The API should be generic and it should not be driver-specific.


Regards,
Muneendra.

Paolo Bonzini Aug. 6, 2020, 6:39 p.m. UTC | #11

On 06/08/20 16:59, Tejun Heo wrote:
>> If I understand correctly, your only objection is that you'd rather not
>> have it specified with a file under /sys/kernel/cgroup, and instead you
>> would prefer to have it implemented as a ioctl for a magic file
>> somewhere else in sysfs?  I don't think there is any precedent for this,
>> and I'm not even sure where that sysfs file would be.
> It just doesn't fit in the cgroupfs. I don't know where it should go for
> this specific case. That's for you guys to figure out. There are multiple
> precedences - e.g. how perf or bpf hooks into cgroup and others that I can't
> remember off the top of my head.

perf and bpf have file descriptors, system calls and data structures of
their own, here there is simply none: it's just an array of chars.  Can
you explain _why_ it doesn't fit in the cgroupfs?

Paolo

Paolo Bonzini Aug. 6, 2020, 6:41 p.m. UTC | #12

On 06/08/20 18:26, Muneendra Kumar M wrote:
> Hi Paolo,
> 
>> 3.As part of this interface user/deamon will provide the details of VM such
>> as UUID,PID on VM creation to the transport .
>> The VM process, or the container process, is likely to be unprivileged and
>> cannot obtain the permissions needed to do this; therefore, you need to
>> cope with the situation where there is no PID yet in the cgroup, because
>> the tool >that created the VM or container might be initializing the
>> cgroup, but it might not have started the VM yet.  In that case there would
>> be no PID.
> 
> Agreed.A
> small doubt. If the VM is started (running)then we can have the PID and   we
> can use the  PID?

Yes, but it's too late when the VM is started.  In general there's no
requirement that a cgroup is setup shortly before it is populated.

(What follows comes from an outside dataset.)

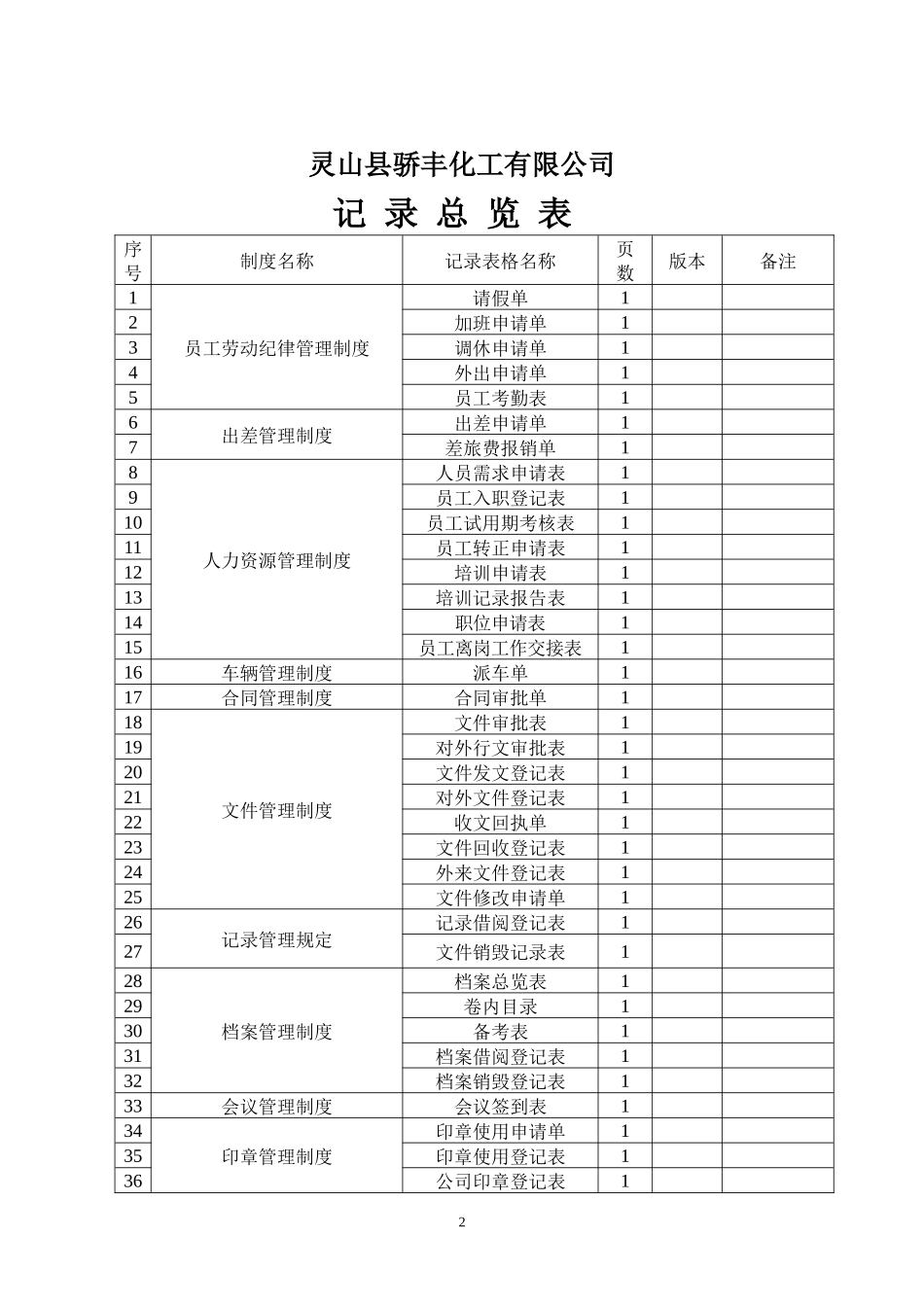 某公司行政管理记录总览表_第2页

>> Would it be possible to pass a file descriptor for the cgroup directory in
>> sysfs, instead of the PID?
> Yes we can do that.
>> Also what would the kernel API look like for this?  Would it have to be
>> driver-specific?
> 
> The API should be generic and it should not be driver-specific.

So it would be a new file in /dev, whose only function is to set up a
UUID for a cgroup?

Paolo

Tejun Heo Aug. 6, 2020, 6:49 p.m. UTC | #13

On Thu, Aug 06, 2020 at 08:39:26PM +0200, Paolo Bonzini wrote:
> On 06/08/20 16:59, Tejun Heo wrote:
> >> If I understand correctly, your only objection is that you'd rather not
> >> have it specified with a file under /sys/kernel/cgroup, and instead you
> >> would prefer to have it implemented as a ioctl for a magic file
> >> somewhere else in sysfs?  I don't think there is any precedent for this,
> >> and I'm not even sure where that sysfs file would be.
> > It just doesn't fit in the cgroupfs. I don't know where it should go for
> > this specific case. That's for you guys to figure out. There are multiple
> > precedences - e.g. how perf or bpf hooks into cgroup and others that I can't
> > remember off the top of my head.
> 
> perf and bpf have file descriptors, system calls and data structures of
> their own, here there is simply none: it's just an array of chars.  Can
> you explain _why_ it doesn't fit in the cgroupfs?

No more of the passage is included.